Foto: João Gabriel
Na manhã desta quinta-feira (28 de agosto), a Polícia Militar recebeu denúncia de mau cheiro em uma rua de Juiz de Fora. Quando chegaram ao local, os policiais encontraram o corpo de um jovem em avançado estado de decomposição. Ele estava enrolado em tecido e escondido sob uma escada no quintal da casa.
De acordo com testemunhas, o jovem tinha deficiência física, dificuldades de locomoção e dependia de cuidados constantes. Moradores contaram que ele não aparecia há cerca de quatro meses. Nesse período, deveria estar sob responsabilidade de familiares. Além disso, a residência apresentava condições insalubres e muita desorganização, sem estrutura adequada para moradia.
A responsável legal afirmou que havia transferido os cuidados para outro parente. No entanto, não mostrou provas dessa mudança nem comprovou o repasse dos recursos financeiros destinados à assistência. Apesar de dormir no imóvel durante a semana, ela disse que não percebeu o odor e que desconhecia a presença do corpo na casa.

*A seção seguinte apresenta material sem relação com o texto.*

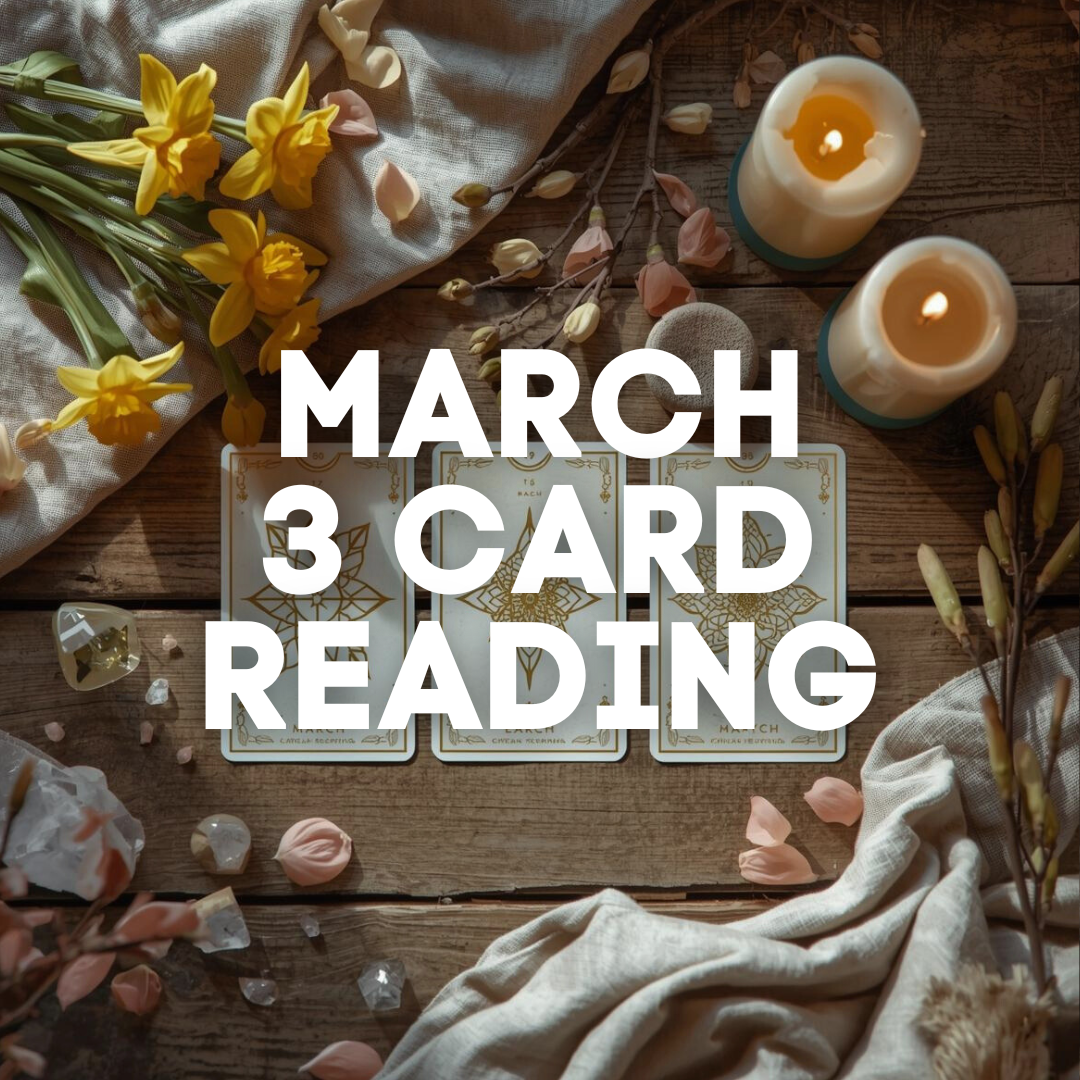 3 CARD march 2026 READING.png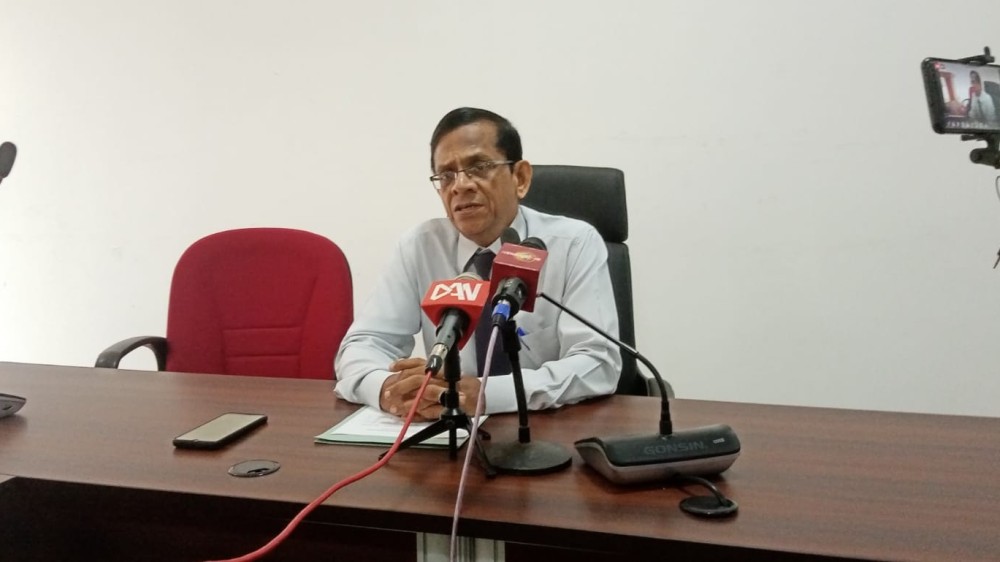 நட்டஈடு  உயிரிழந்த கால்நடைகளுக்கு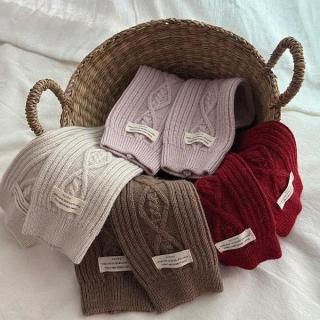 <img class='new_mark_img1' src='https://img.shop-pro.jp/img/new/icons13.gif' style='border:none;display:inline;margin:0px;padding:0px;width:auto;' />2025w1 aosta15(free) ˥åȥޡ /* B11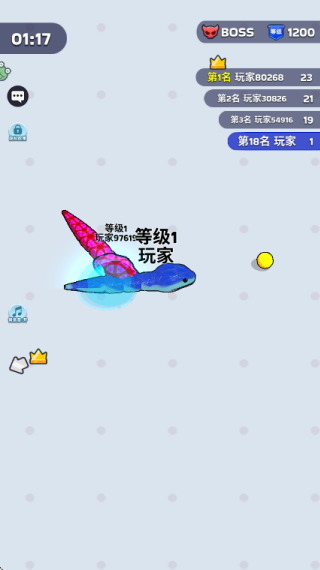 ���߿������°�����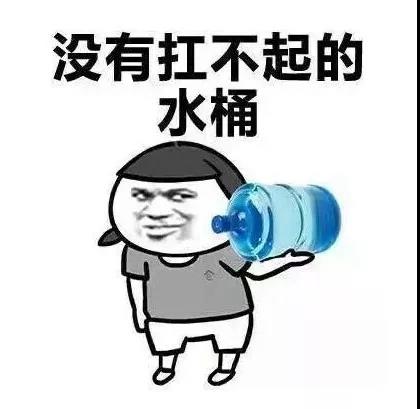 原來(lái)你是這樣的潛水員妹子！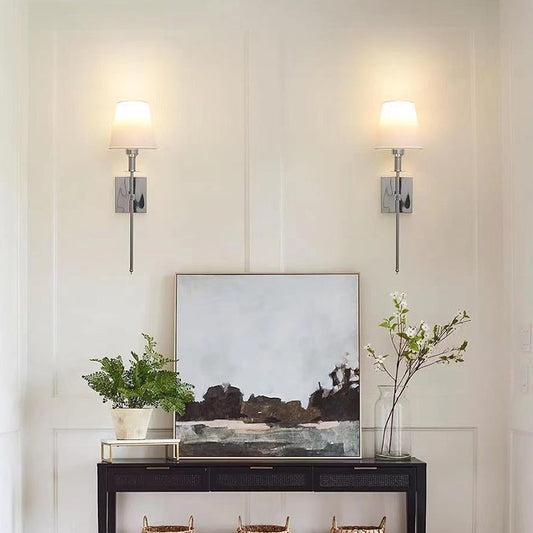 🔥【1° Más Vendido】🔥Diseño Anticuado? Aplique 3 Colores, ¡Atemporal!Versátil+🕰️ Atemporal!  Decoradores Recomiendan! Aplique 3 Colores, Duradera⚡️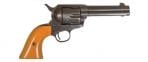 Cimarron Rooster Shooter 45 Long Colt Revolver - RS410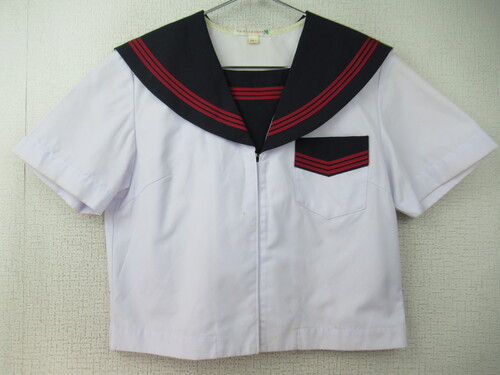 �������� 0308�@220�@�����c���w �ăZ�[���[�㒅 ���� �O�z�b�N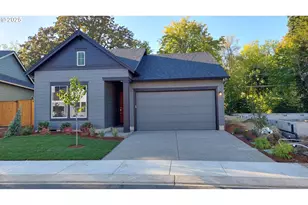 16485 SW Cambridge Ln, Durham, OR 97224 - Photo 1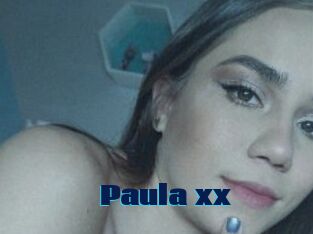 Paula_xx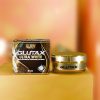 GLUTAX Ultra White Whitening Cream 20g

A perícia técnica analisou o local e confirmou que o estado do cadáver impediu a identificação de possíveis lesões externas. Em seguida, a funerária de plantão levou o corpo para o Instituto Médico Legal (IML).
Diante das contradições, das condições precárias do imóvel e da omissão nos cuidados, a Polícia Militar prendeu a responsável legal em flagrante. Ela responderá por abandono de incapaz, enquanto a investigação continua para esclarecer todos os detalhes do caso.